Write the data out in full and word for word. Do not include images.

* Material provided:
++++++++++++++++++++

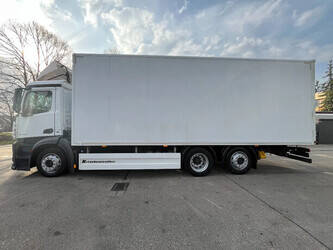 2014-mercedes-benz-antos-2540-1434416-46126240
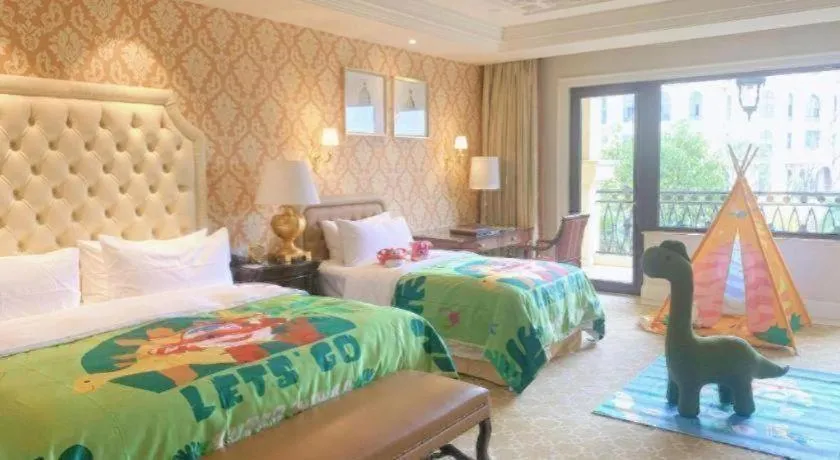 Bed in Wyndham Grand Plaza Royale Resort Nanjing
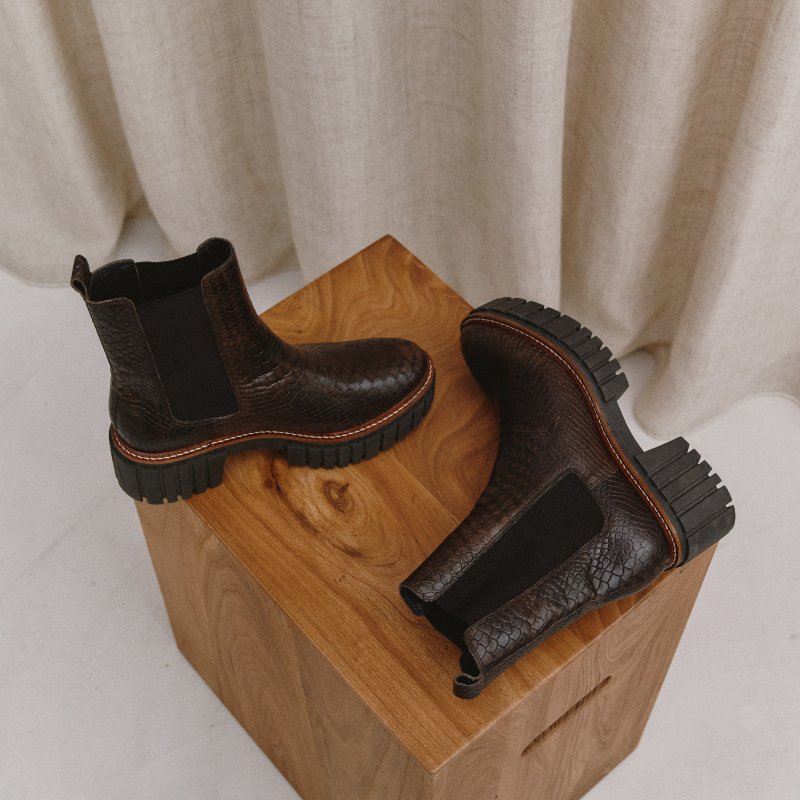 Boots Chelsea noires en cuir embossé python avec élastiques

++++++++++++++++++++

* Expected answer:
 2014-mercedes-benz-antos-2540-1434416-46126240
 Bed in Wyndham Grand Plaza Royale Resort Nanjing
 Boots Chelsea noires en cuir embossé python avec élastiques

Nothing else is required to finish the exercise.